In February 2015 we received an invitation to participate in Dream City, the Tunis Biennale of Art in Public Spaces. The offer was immediately appealing: we often work in places undergoing significant change, places where we can connect with humanity who are embracing challenges. The possibility of creating work in Tunisia at this significant time in the country’s history was really not to be missed.
In May 2015, a team of 3 WildWorks artists embarked on a two-week research trip; day-by-day the city unfolded itself before their eyes. In this place where hope seems to be long gone for some, there are others who are fighting with art, expression, memory and dreams, for a better future. They walked the streets, meeting and speaking with all, and exploring what is at the heart of the Medina.
There are many places in the Medina that appear lost, or forgotten. There are gaps. The artists were shown condemned palaces, secret gardens and sealed warehouses. But it is the image of one particular building that stays with them. A tall, wide wall with bricked in doors and windows. In the centre, a curious feature signposts the building’s former use: twin ticket booths crowned by graceful arches remain.
This was once a cinema.
Here is the thread of an idea.
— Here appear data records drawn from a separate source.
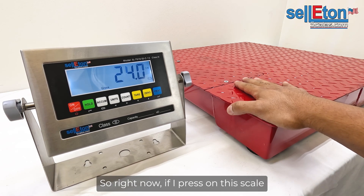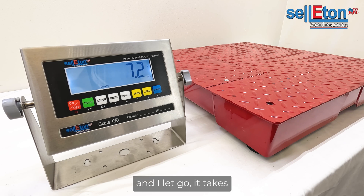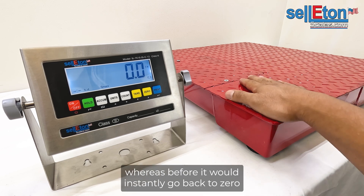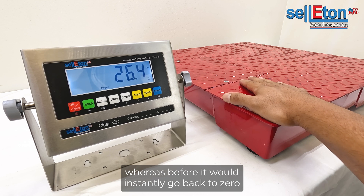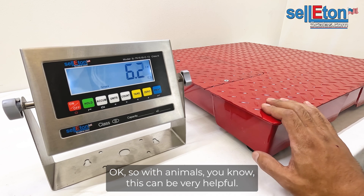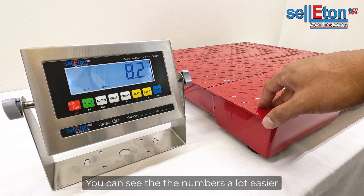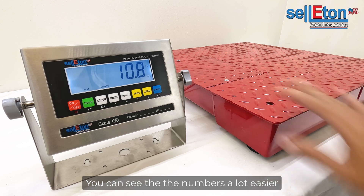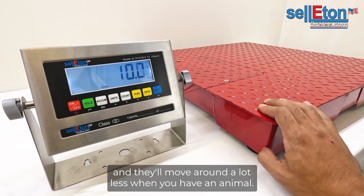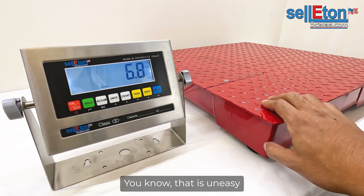So right now, if I press on the scale and let go, it takes a couple of seconds to get all the way back to zero, whereas before it would instantly go back to zero. With animals, this can be very helpful — you can see the numbers a lot easier and they'll move around a lot less when you have an animal that is uneasy.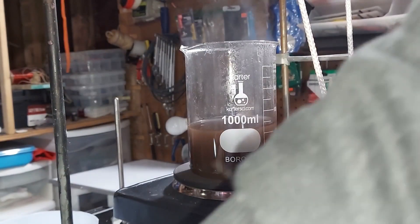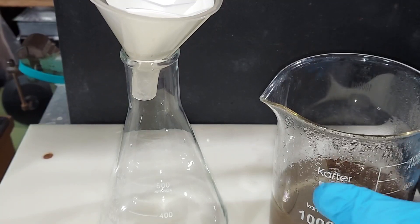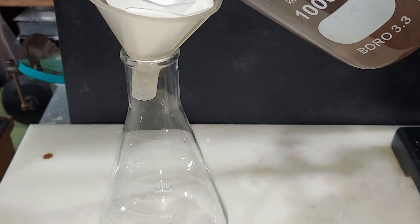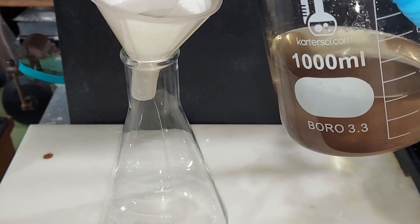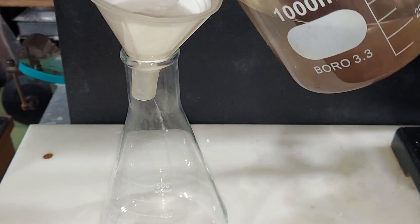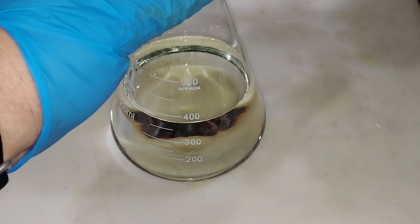There we go. I'm going to turn down the temperature — we need to filter it next. This cooled down enough, it's time to filter. As is typical, this is going to take some time. Fortunately most of the crud went to the bottom so I can decant a lot of the top. It'll still go through the filter paper. I'll be back when I'm done.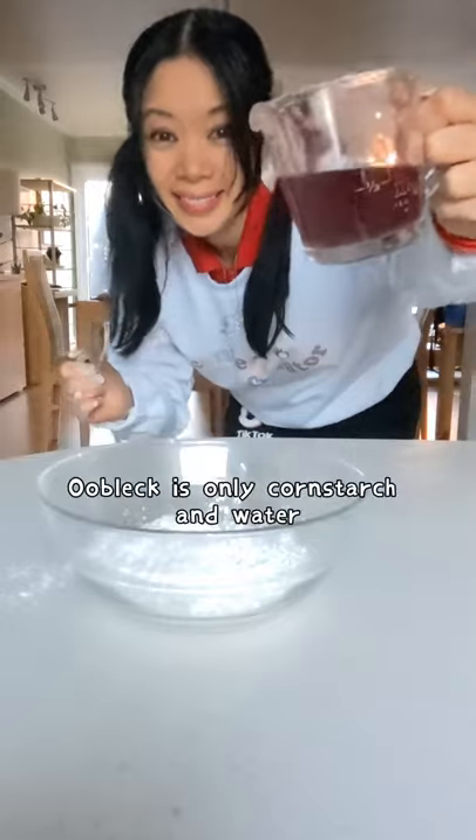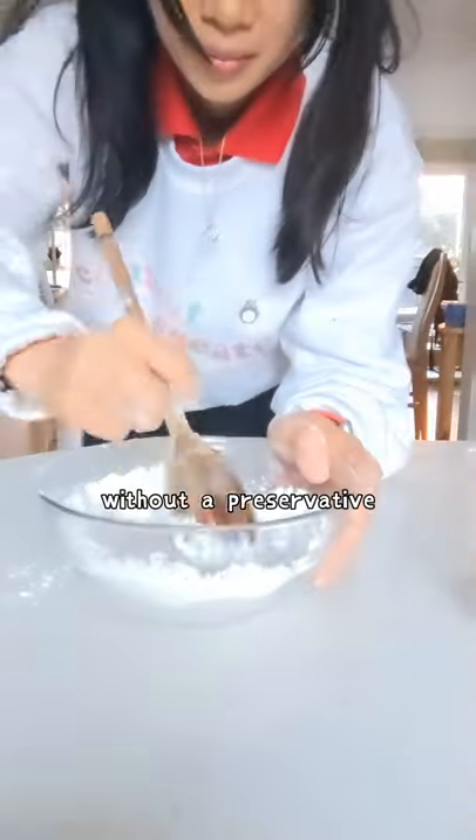This is two day old oobleck and it doesn't smell. Oobleck is only cornstarch and water. Without a preservative, it'll go bad.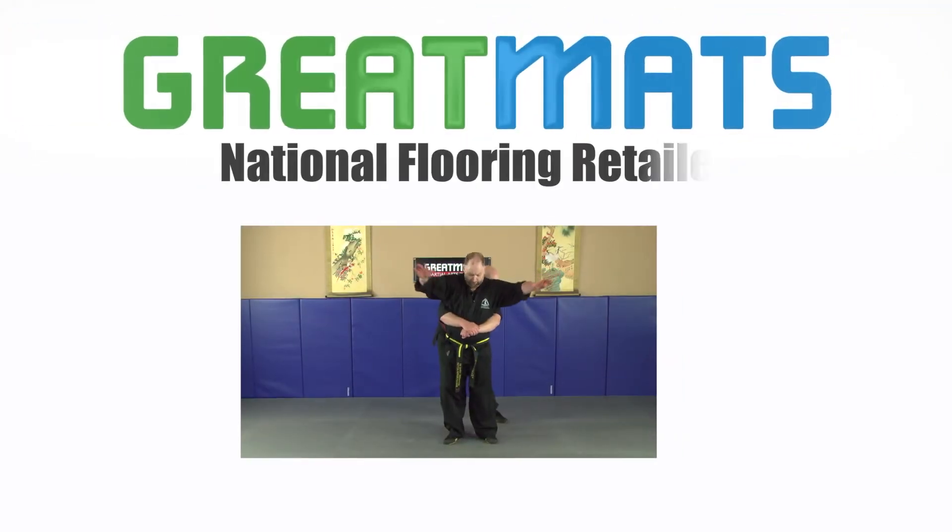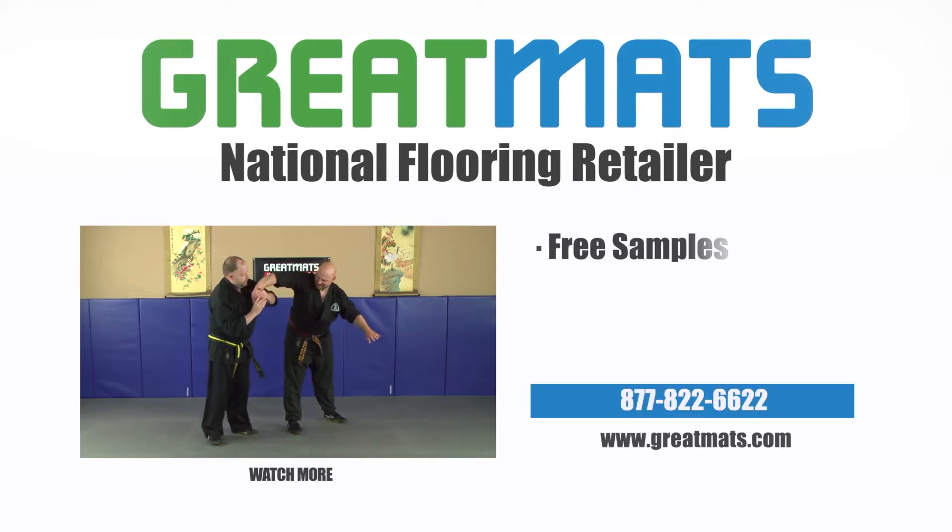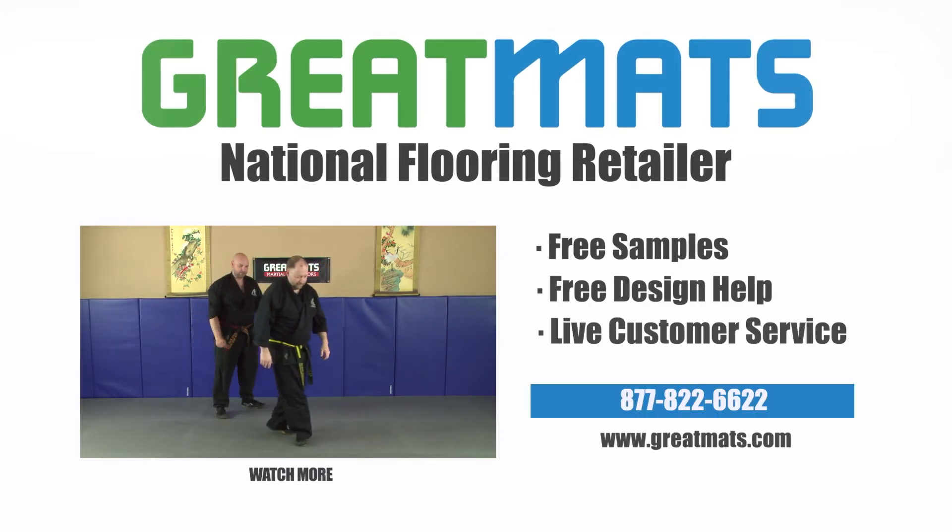Great Mats is a national flooring retailer. Contact Great Mats for free samples, free design help, and live customer service today.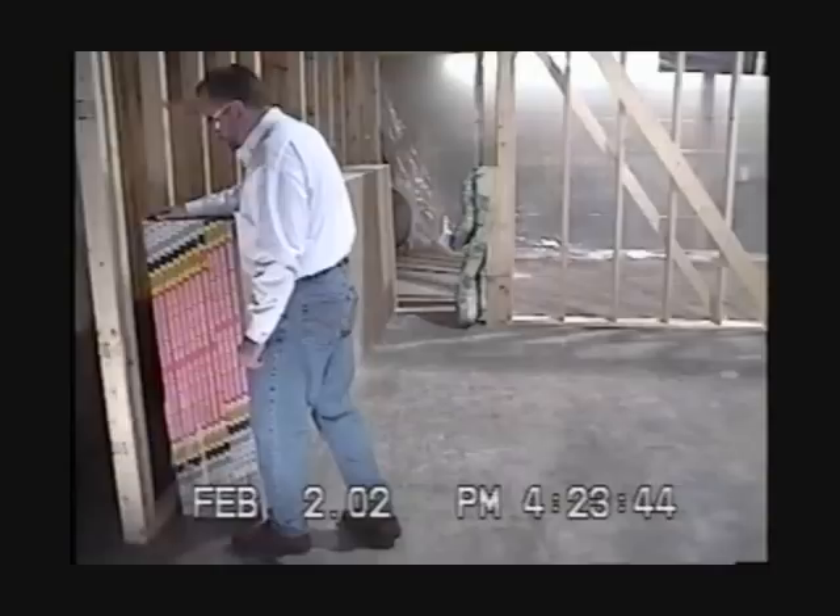In this section of video, we have added a long cushion and have increased the framing at the corner where the lady was standing at the time of the incident. Again, I'm pulling over 26 sheets of 4 by 12 half-inch gypsum board with a 2-inch kickout at the bottom.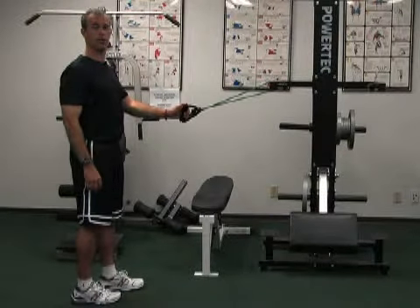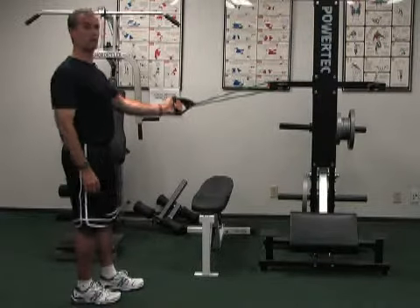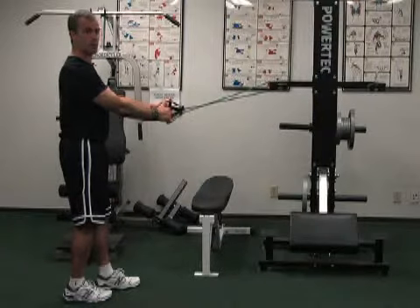This is Scapular Retractions. This is for your middle back. You hook the band over a door handle or any solid object. Stand with one foot in front for support.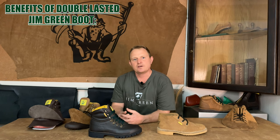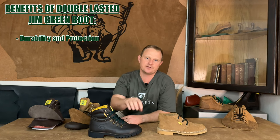So what are the benefits of a fully leather lined double lasted Gymgreen boot? Firstly, it's the durability and protection that you get. As mentioned before, there's close on four millimeters of leather surrounding your foot.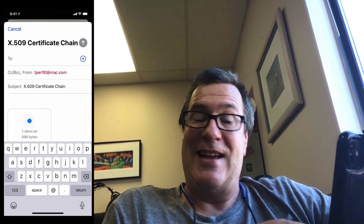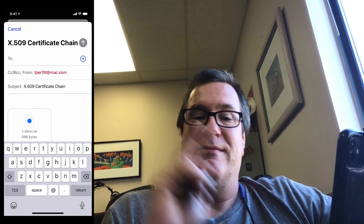If I want to email the certificates I simply press the email certificates button and all the certificates are nicely enclosed in this email message where I can go ahead and send it to anyone who has email. Thank you very much for watching. Have a great day.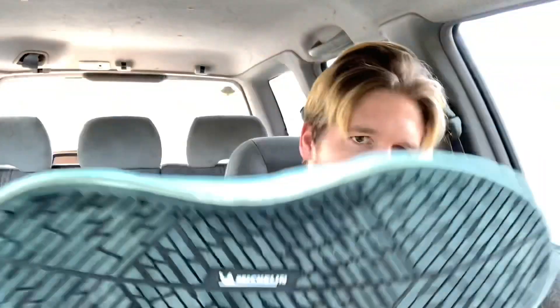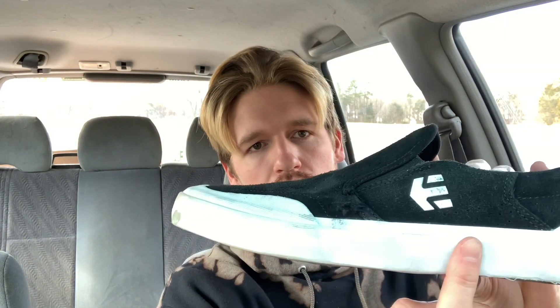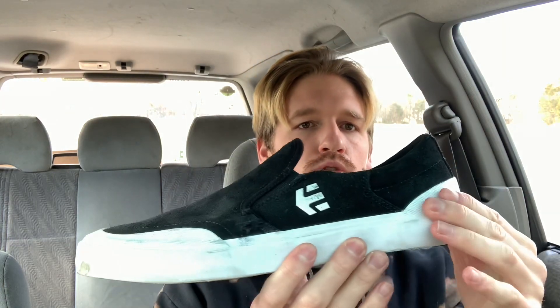So the outsole is the Michelin collaboration outsole, which I really like. The midsole here is like an inch high, roughly. There's a nice little rubber heel cap and toe cap, which I thought was a nice touch. There's also this cool design — right here on the toe — that kind of reminds me of some of Etnies' older models. Also some breathability holes here, which are pretty cool.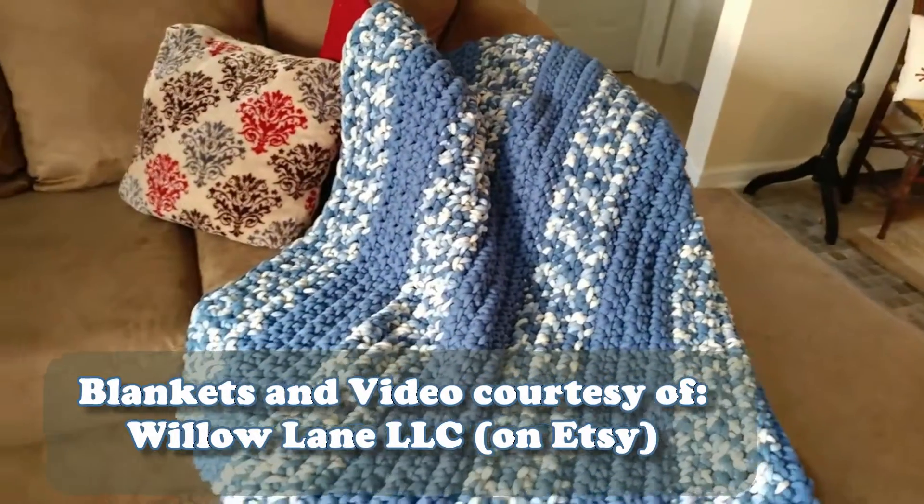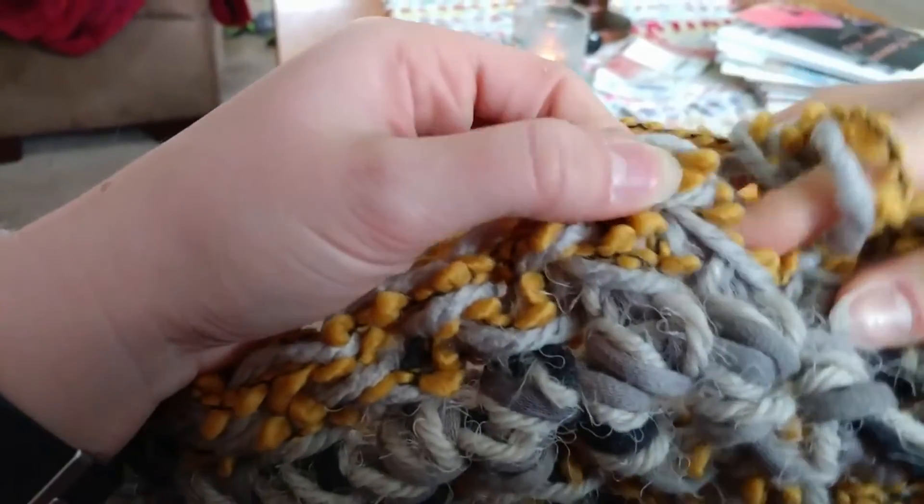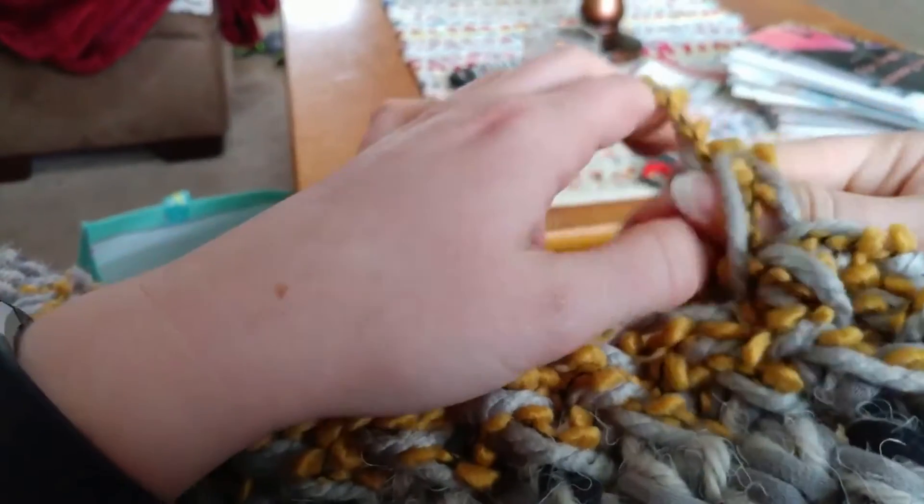Special thanks to Summer Christy of Willow Lane LLC on Etsy who let us use her blankets and pictures and also the process of how she finger crochets her blankets. Be sure to check out her shop.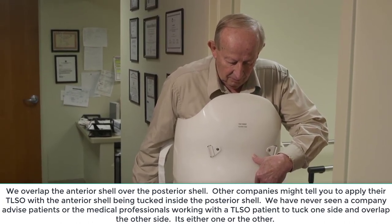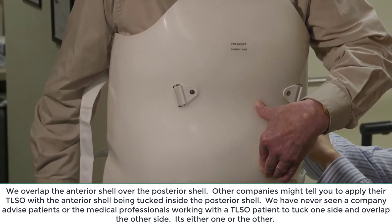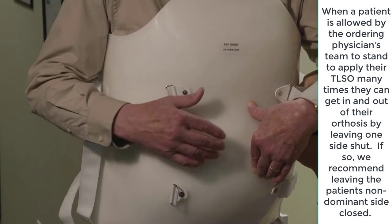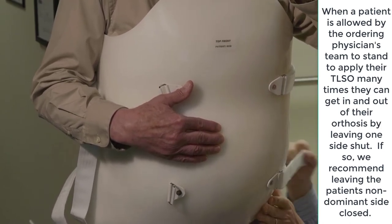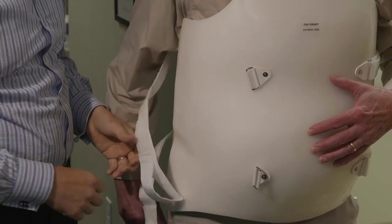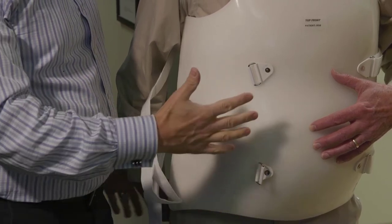It's meant to feel like it's giving you a hug, so you're going to feel that now. Now I'm going to show you how we tighten this up. This is us approaching the brace in the standing position, and we're going to make more points as we go.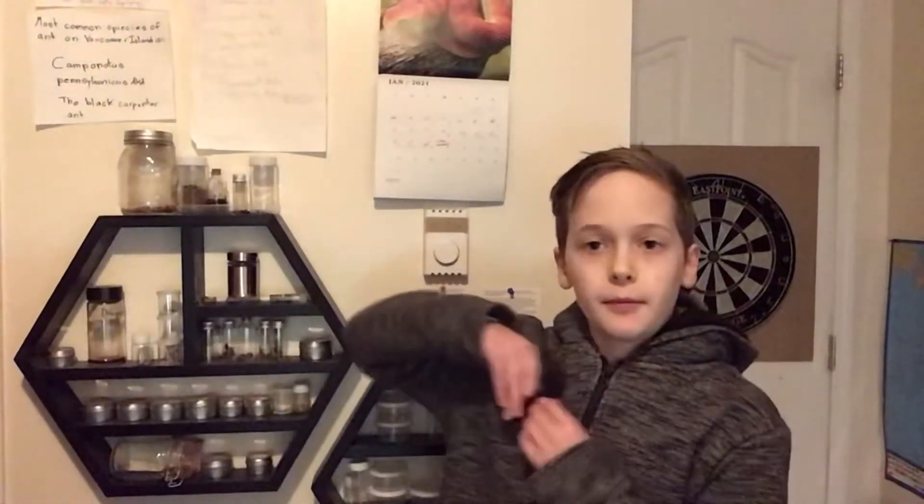Hey everyone, welcome back to the video. I am in a onesie, and that's fine. But anyways, today we are going to be checking on the ants that are hibernating.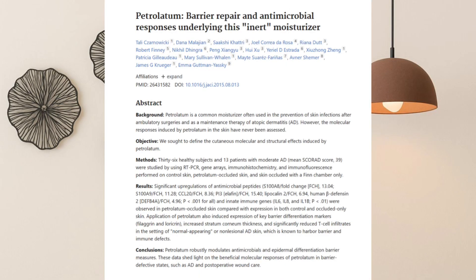Hack number one: barrier repair. Use a thin layer as your last step at night to lock in hydration, especially when your barrier feels compromised. You don't need a thick coat — a whisper-thin film is enough to curb transepidermal water loss and support repair.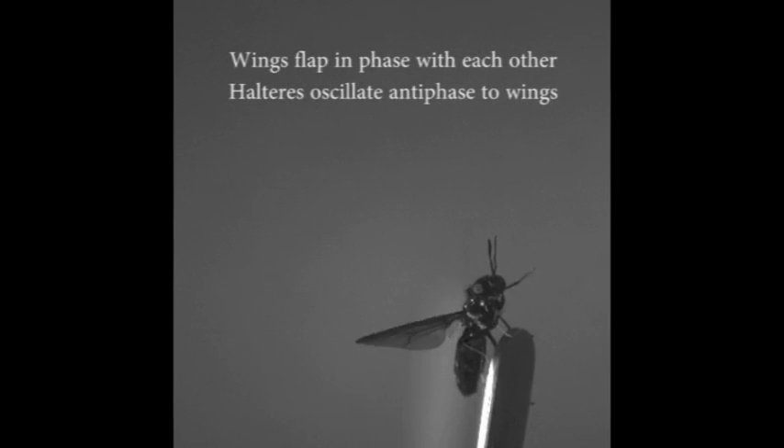The fly flaps its wings and halteres approximately 100 times a second. Despite the high frequency of flapping, the wings move precisely in phase with each other, and the halteres move exactly anti-phase with the wings.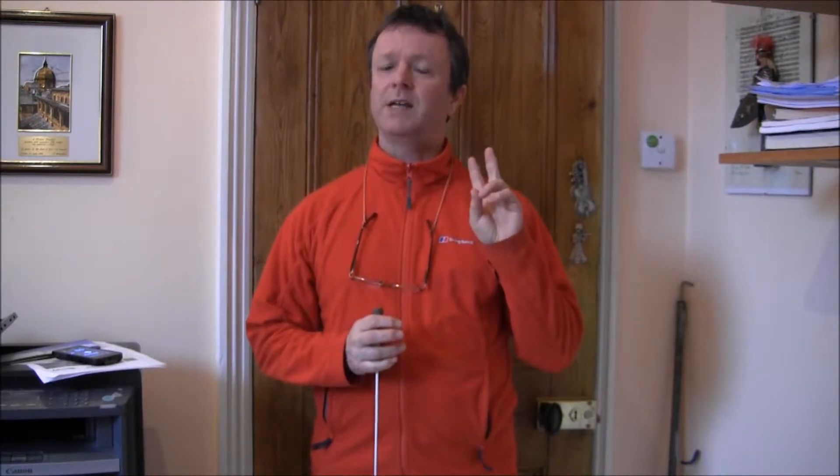Welcome to the next of my Conducting Fundamentals videos. Last time we looked at 2 in a bar. This time we're going to look at 3 and 4 in a bar, but not in that order. We'll do 4 first, and then 3 afterwards, and I'll explain then why I've done it in that order.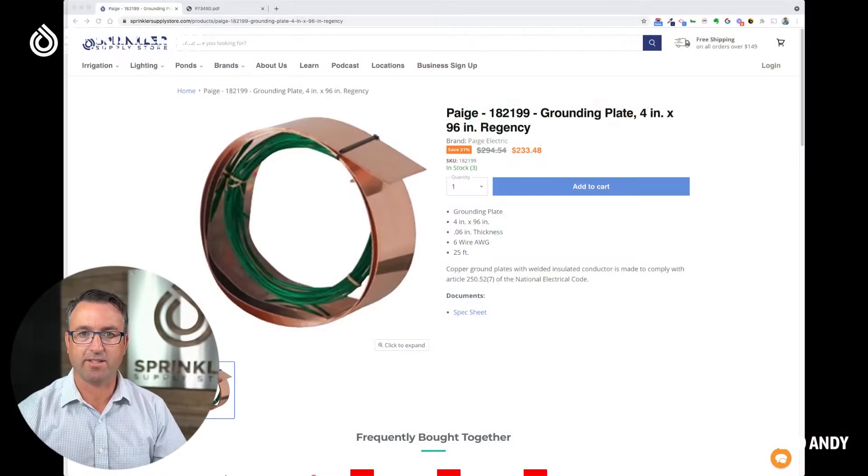Welcome back to another Sprinkler Supply Store product overview. I'm Sprinkler Andy, and in this video we're going to look at a grounding plate. I want to show you what it looks like on our website — this product here is the Pages grounding plate, four inches by 96 inches, which is eight feet long.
An idea for the ‘Cinema of Dreams’.
A team of 4 artists returned to the Biennale in November 2015 to create a dream cinema that featured a soundscape of memories and a projection of film montages, working with local artists and volunteers, adults and school children, on the themes of the ‘Dream of Cinema’, the ‘Dream of Tunis through the Eye of the Camera’, and the ‘Children’s Dream’.
This project is being supported by the British Council.